=== WHAT TO PRODUCE ===
Exactly the lines from the beginning of the records to the line with "第1-11表 年齢層別及び職務上の地位別正・副安全運転管理者数", both ends included, are to be given again, and pictures are to be left out.

Image-text web data:
──────

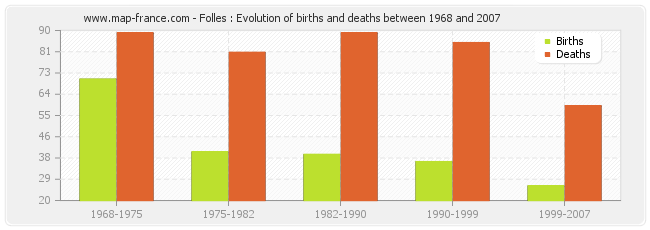 Folles : Evolution of births and deaths between 1968 and 2007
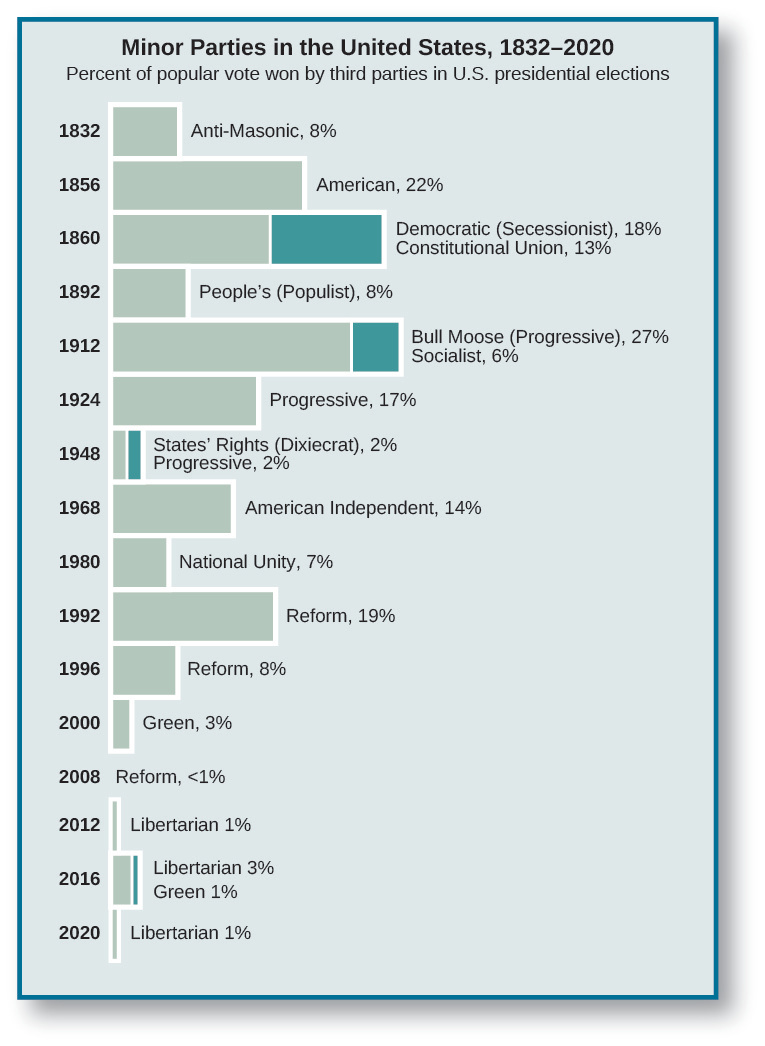 A bar graph titled “Minor Parties in the United States, 1832-2008: Percent of popular vote won by third parties in U.S. Presidential elections”. In 1832, the Anti-Masonic party won 8%. In 1856, the American party won 22%. In 18600, the Democratic (Secessionist) party won 18%, and the Constitutional Union party won 13%. In 1892 the People’s (Populist) party won 8%. In 1912 the Bull Moose (Progressive) party won 27%, and the Socialist party won 6%. In 1924 the Progressive party won 17%. In 1948 the States’ Rights (Dixiecrat) party won 2%, and the Progressive party won 2%. In 1968 the American Independent party won 14%. In 1980 the National Unity party won 7%. In 1992 the Reform party won 19%. In 1996 the Reform party won 8%. In 2000 the Green party won 3%. In 2008, the Reform party won less than 1%.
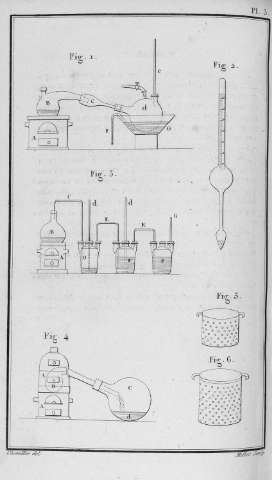 Pl. 3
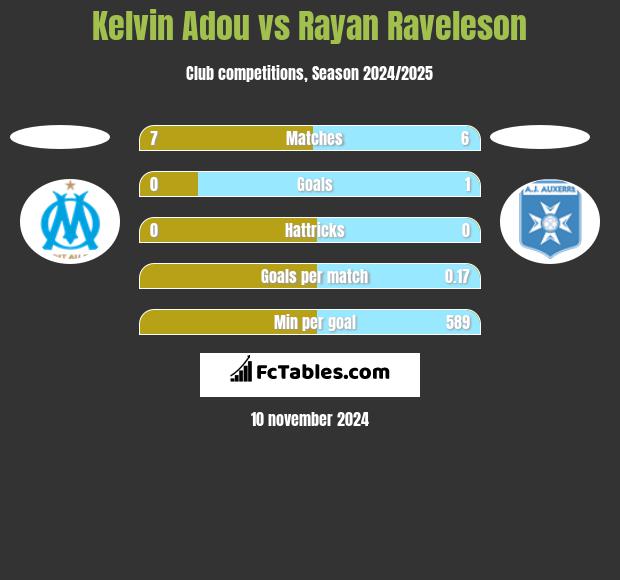 Kelvin Adou vs Rayan Raveleson h2h player stats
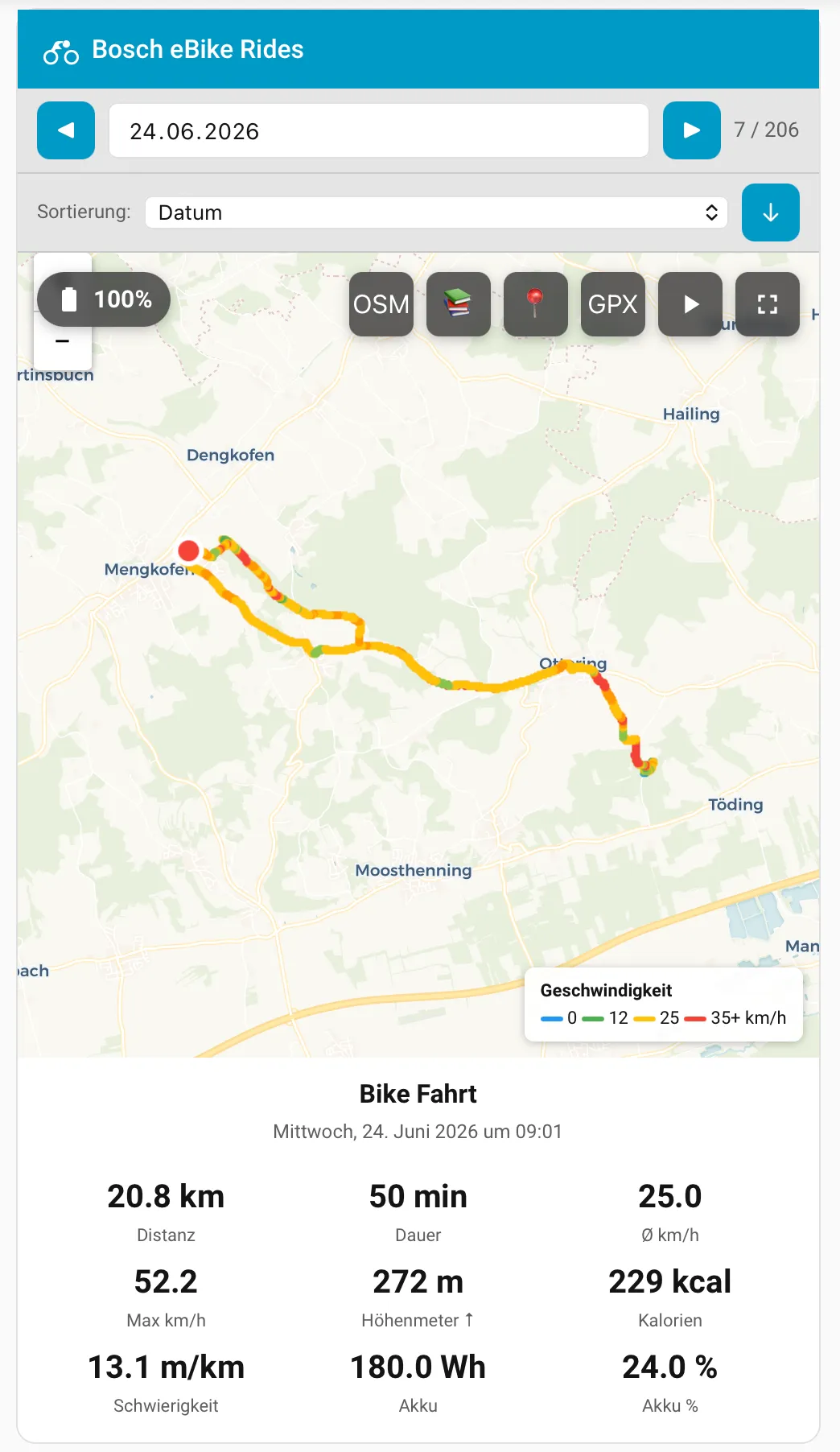 Kartendarstellung mit GPS-Track, Geschwindigkeits-Farbcodierung und Fahrtinfo-Leiste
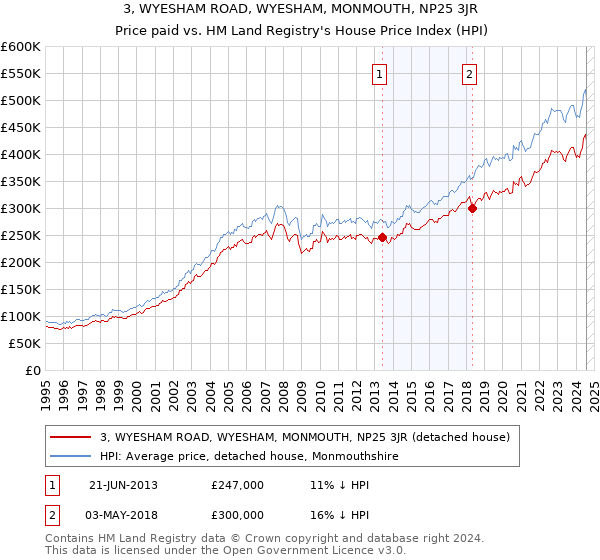 3, WYESHAM ROAD, WYESHAM, MONMOUTH, NP25 3JR: Price paid vs HM Land Registry's House Price Index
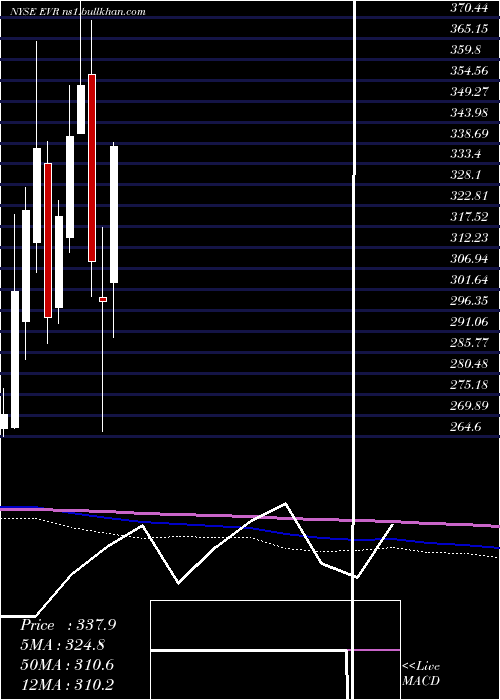  monthly chart EvercoreInc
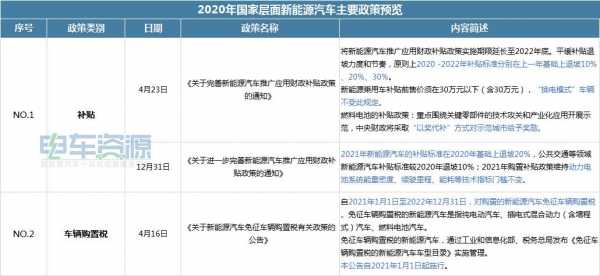 新能源汽车北京准入目录（2020年新能源政策 北京）-图3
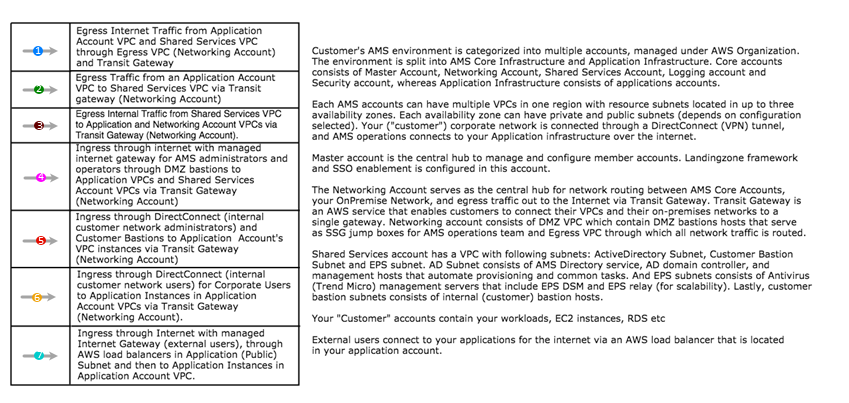 Diagram showing network traffic flow between Comptes AWS, VPCs, and internet gateways.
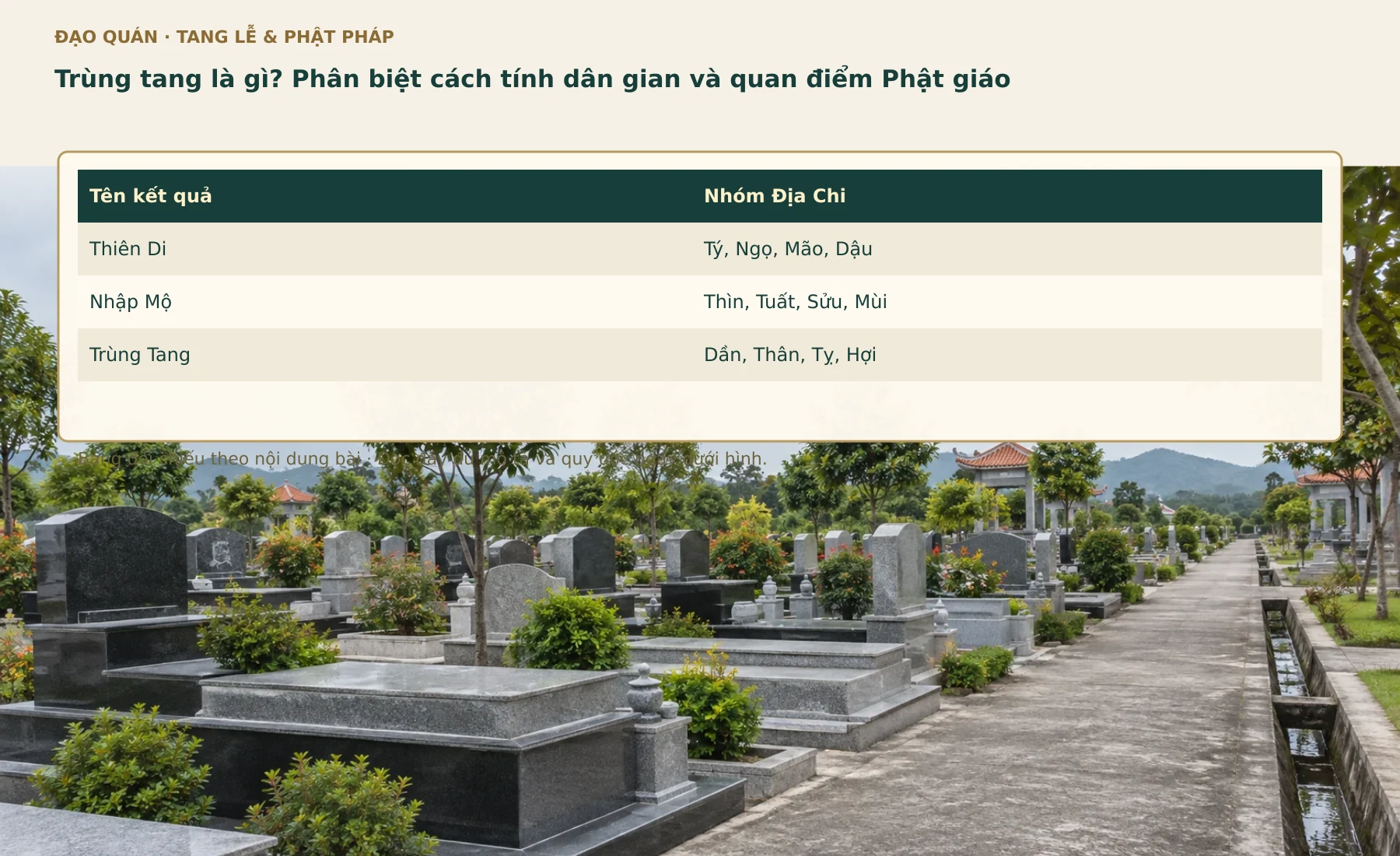 Bảng đối chiếu Trùng tang là gì? Phân biệt cách tính dân gian và quan điểm Phật giáo. Các nhãn, số liệu và quan hệ lấy từ bảng đang có trong bài.
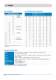 Comprehensive Guide to Light Curing Technology - DYMAX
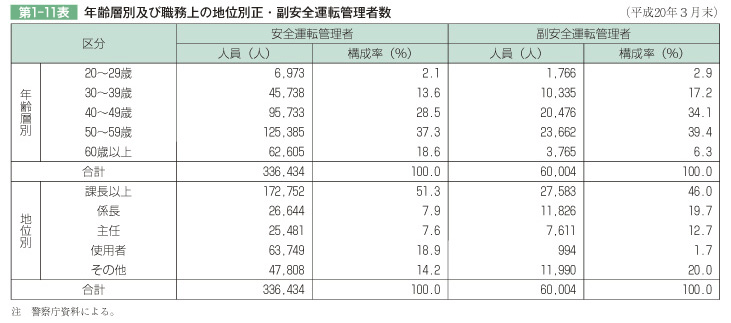 第1-11表 年齢層別及び職務上の地位別正・副安全運転管理者数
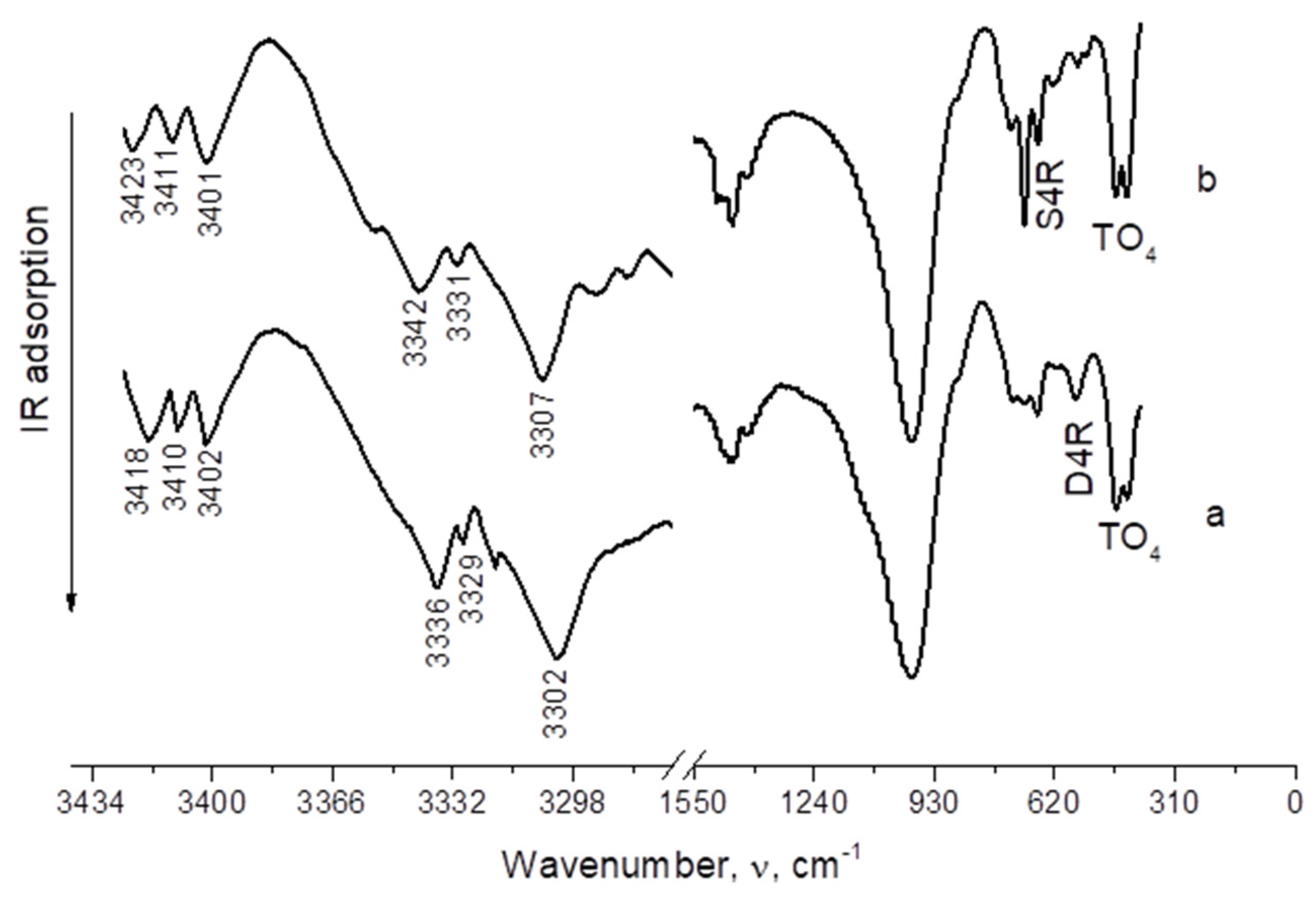 Membranes 12 00147 g006 Membranes 12 00147 g006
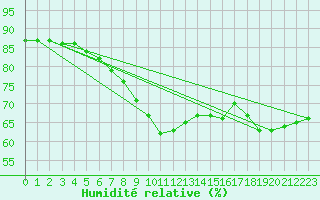 Courbe de l'humidit relative pour Torun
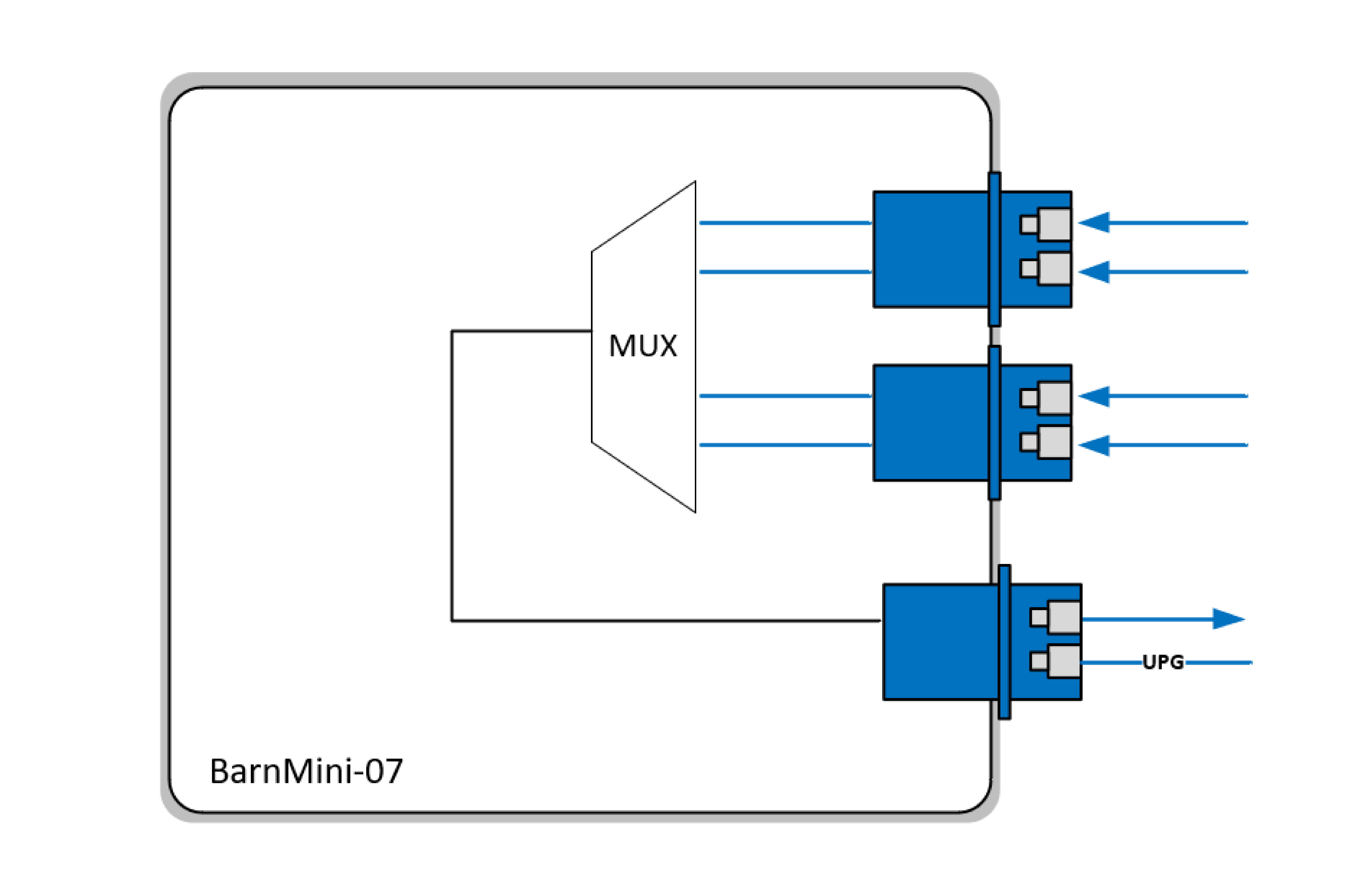 BarnMini 07-3743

──────

=== WRITTEN SOLUTION ===
 Folles : Evolution of births and deaths between 1968 and 2007
 A bar graph titled “Minor Parties in the United States, 1832-2008: Percent of popular vote won by third parties in U.S. Presidential elections”. In 1832, the Anti-Masonic party won 8%. In 1856, the American party won 22%. In 18600, the Democratic (Secessionist) party won 18%, and the Constitutional Union party won 13%. In 1892 the People’s (Populist) party won 8%. In 1912 the Bull Moose (Progressive) party won 27%, and the Socialist party won 6%. In 1924 the Progressive party won 17%. In 1948 the States’ Rights (Dixiecrat) party won 2%, and the Progressive party won 2%. In 1968 the American Independent party won 14%. In 1980 the National Unity party won 7%. In 1992 the Reform party won 19%. In 1996 the Reform party won 8%. In 2000 the Green party won 3%. In 2008, the Reform party won less than 1%.
 Pl. 3
 Kelvin Adou vs Rayan Raveleson h2h player stats
 Kartendarstellung mit GPS-Track, Geschwindigkeits-Farbcodierung und Fahrtinfo-Leiste
 3, WYESHAM ROAD, WYESHAM, MONMOUTH, NP25 3JR: Price paid vs HM Land Registry's House Price Index
  monthly chart EvercoreInc
 新能源汽车北京准入目录（2020年新能源政策 北京）-图3
 Diagram showing network traffic flow between Comptes AWS, VPCs, and internet gateways.
 Bảng đối chiếu Trùng tang là gì? Phân biệt cách tính dân gian và quan điểm Phật giáo. Các nhãn, số liệu và quan hệ lấy từ bảng đang có trong bài.
 Comprehensive Guide to Light Curing Technology - DYMAX
 第1-11表 年齢層別及び職務上の地位別正・副安全運転管理者数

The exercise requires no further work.